Luke 6:27-38 (New International Version)
Love for Enemies
27 “But to you who are listening I say: Love your enemies, do good to those who hate you, 28 bless those who curse you, pray for those who mistreat you. 29 If someone slaps you on one cheek, turn to them the other also. If someone takes your coat, do not withhold your shirt from them. 30 Give to everyone who asks you, and if anyone takes what belongs to you, do not demand it back. 31 Do to others as you would have them do to you.
32 “If you love those who love you, what credit is that to you? Even sinners love those who love them. 33 And if you do good to those who are good to you, what credit is that to you? Even sinners do that. 34 And if you lend to those from whom you expect repayment, what credit is that to you? Even sinners lend to sinners, expecting to be repaid in full. 35 But love your enemies, do good to them, and lend to them without expecting to get anything back. Then your reward will be great, and you will be children of the Most High, because he is kind to the ungrateful and wicked. 36 Be merciful, just as your Father is merciful.
37 “Do not judge, and you will not be judged. Do not condemn, and you will not be condemned. Forgive, and you will be forgiven. 38 Give, and it will be given to you. A good measure, pressed down, shaken together and running over, will be poured into your lap. For with the measure you use, it will be measured to you.”
In June and July 1921 the small south Wales town of Abertillery was in shock.
Two young schoolgirls had been found murdered and a local fifteen year old adolescent had confessed to the murders and was subsequently jailed for life.
He was too young to be sentenced to death.
The murderer’s name was Harold Jones and, after serving twenty years for his crimes, he was released in 1941. He joined the Merchant Navy and, after the war, changed his name to Harry Stevens. He settled in London, married and had a daughter.
His past remained a secret to his family and friends and the authorities lost contact with him.

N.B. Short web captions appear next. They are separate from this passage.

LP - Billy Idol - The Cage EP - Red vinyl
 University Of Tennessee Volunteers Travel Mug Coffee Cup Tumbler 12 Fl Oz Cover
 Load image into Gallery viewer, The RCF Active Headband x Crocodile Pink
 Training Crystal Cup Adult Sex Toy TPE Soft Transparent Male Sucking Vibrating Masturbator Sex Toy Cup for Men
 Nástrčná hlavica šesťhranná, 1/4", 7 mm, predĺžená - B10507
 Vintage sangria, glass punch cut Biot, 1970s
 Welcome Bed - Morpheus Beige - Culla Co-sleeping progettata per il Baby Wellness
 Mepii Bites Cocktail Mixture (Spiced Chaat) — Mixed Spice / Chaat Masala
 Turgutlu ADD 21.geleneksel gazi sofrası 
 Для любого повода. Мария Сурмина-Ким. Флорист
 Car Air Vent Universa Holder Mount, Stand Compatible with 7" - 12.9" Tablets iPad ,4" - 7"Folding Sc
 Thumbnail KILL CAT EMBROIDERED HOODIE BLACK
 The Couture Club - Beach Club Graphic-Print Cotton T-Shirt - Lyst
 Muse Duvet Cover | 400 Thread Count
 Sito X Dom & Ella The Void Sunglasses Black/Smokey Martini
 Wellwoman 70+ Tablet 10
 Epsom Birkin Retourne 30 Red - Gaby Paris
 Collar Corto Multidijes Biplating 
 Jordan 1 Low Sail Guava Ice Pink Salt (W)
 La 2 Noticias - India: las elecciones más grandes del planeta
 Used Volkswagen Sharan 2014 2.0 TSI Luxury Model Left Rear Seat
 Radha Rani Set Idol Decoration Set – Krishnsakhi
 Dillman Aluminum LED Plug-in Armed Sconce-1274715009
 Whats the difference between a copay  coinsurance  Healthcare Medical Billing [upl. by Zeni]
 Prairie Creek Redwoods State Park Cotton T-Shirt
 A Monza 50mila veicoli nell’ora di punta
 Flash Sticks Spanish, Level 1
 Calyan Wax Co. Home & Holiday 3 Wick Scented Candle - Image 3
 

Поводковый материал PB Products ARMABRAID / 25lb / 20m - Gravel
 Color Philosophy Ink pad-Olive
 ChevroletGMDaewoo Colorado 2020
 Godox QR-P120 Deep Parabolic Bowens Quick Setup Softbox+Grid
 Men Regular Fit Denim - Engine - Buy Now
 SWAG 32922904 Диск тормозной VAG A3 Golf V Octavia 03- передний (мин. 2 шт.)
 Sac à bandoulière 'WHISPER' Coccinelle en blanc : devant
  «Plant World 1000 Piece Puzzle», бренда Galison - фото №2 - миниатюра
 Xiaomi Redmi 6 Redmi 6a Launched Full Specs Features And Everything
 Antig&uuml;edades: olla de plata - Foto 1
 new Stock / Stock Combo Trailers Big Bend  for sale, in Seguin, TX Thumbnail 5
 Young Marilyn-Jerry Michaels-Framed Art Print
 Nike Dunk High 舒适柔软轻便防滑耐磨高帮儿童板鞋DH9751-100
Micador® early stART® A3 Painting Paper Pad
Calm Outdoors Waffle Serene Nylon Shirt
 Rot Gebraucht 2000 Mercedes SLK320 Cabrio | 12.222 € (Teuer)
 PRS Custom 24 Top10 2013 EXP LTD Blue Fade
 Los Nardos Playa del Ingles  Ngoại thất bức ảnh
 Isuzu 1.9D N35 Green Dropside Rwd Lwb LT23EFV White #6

He appeared to have successfully begun life again, with a new identity. Certainly, here was a wonderful opportunity for him, having the slate wiped clean, to make a genuine fresh start.
Unfortunately, with the broadcast of a new documentary in January called ‘Dark Son: the Hunt for a Serial Killer’, it would appear that Jones could not leave his terrible past behind. It was possible to change a name but the leopard could not change its spots. I will leave it to you to follow that story up if you wish, it is not for us today.
But the issue of identity and a potential identity crisis is crucial.
We are all given a new identity in Christ Jesus.